Critical phases in the raise and peel model

TL;DR

This paper investigates the critical behavior of the raise and peel model (RPM), revealing a conformally invariant point at u=1, a roughness transition, and two distinct critical phases for u>1 with different surface profile properties.

Contribution

The study provides a detailed analysis of the RPM's phase diagram, identifying a conformal invariance point, a roughness transition, and the existence of two separate critical phases for u>1, with insights into their universality classes.

Findings

At u=1, RPM is conformally invariant with critical exponents z=1 and α=0.

For u>1, RPM exhibits two critical phases with different roughness exponents.
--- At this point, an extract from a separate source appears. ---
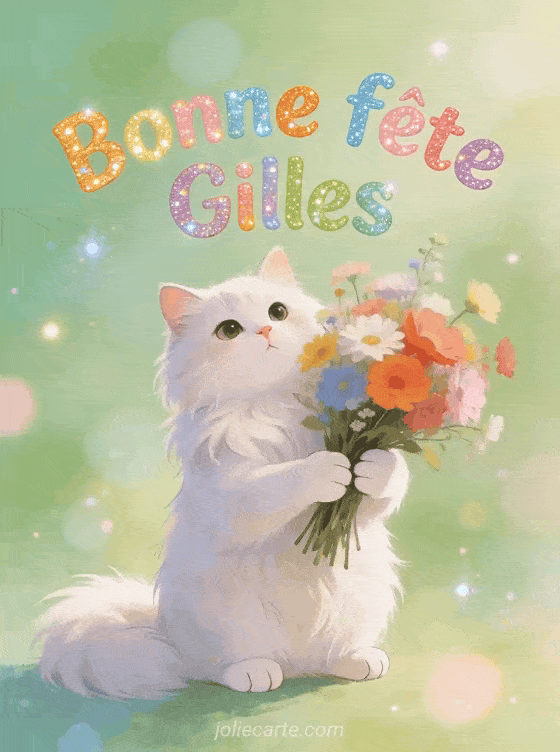 Bonne fête Gilles - Gilles gif bonne fete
At short scales, RPM shows KPZ universality behavior, but differs at large scales.

Abstract

The raise and peel model (RPM) is a nonlocal stochastic model describing the space and time fluctuations of an evolving one dimensional interface. Its relevant parameter $u$ is the ratio between the rates of local adsorption and nonlocal desorption processes (avalanches) processes. The model at $u=1$ give us the first example of a conformally invariant stochastic model. For small values $u<u_0$ the model is known to be noncritical, while for $u>u_0$ it is critical. By calculating the structure function of the height profiles in the reciprocal space we confirm with good precision that indeed $u_0=1$. We establish that at the conformal invariant point $u=1$ the RPM has a roughness transition with dynamical and roughness critical exponents $z=1$ and $\alpha=0$, respectively. For $u>1$ the model is critical with an $u$-dependent dynamical critical exponent $z(u)$ that tends towards zero as $u\to \infty$. However at $1/u=0$ the RPM is exactly mapped into the totally asymmetric exclusion problem (TASEP). This last model is known to be noncritical (critical) for open (periodic) boundary conditions. Our studies indicate that the RPM as $u \to \infty$, due to its nonlocal dynamics processes, has the same large-distance physics no matter what boundary condition we chose. For $u>1$, our analysis show that differently from previous predictions, the region is composed by two distinct critical phases. For $u\leq u < u_c\approx 40$ the height profiles are rough ($\alpha = \alpha(u) >0$), and for $u>u_c$ the height profiles are flat at large distances ($\alpha = \alpha(u) <0$). We also observed that in both critical phases ($u>1$) the RPM at short length scales, has an effective behavior in the Kardar-Parisi-Zhang (KPZ) critical universality class, that is not the true behavior of the system at large length scales.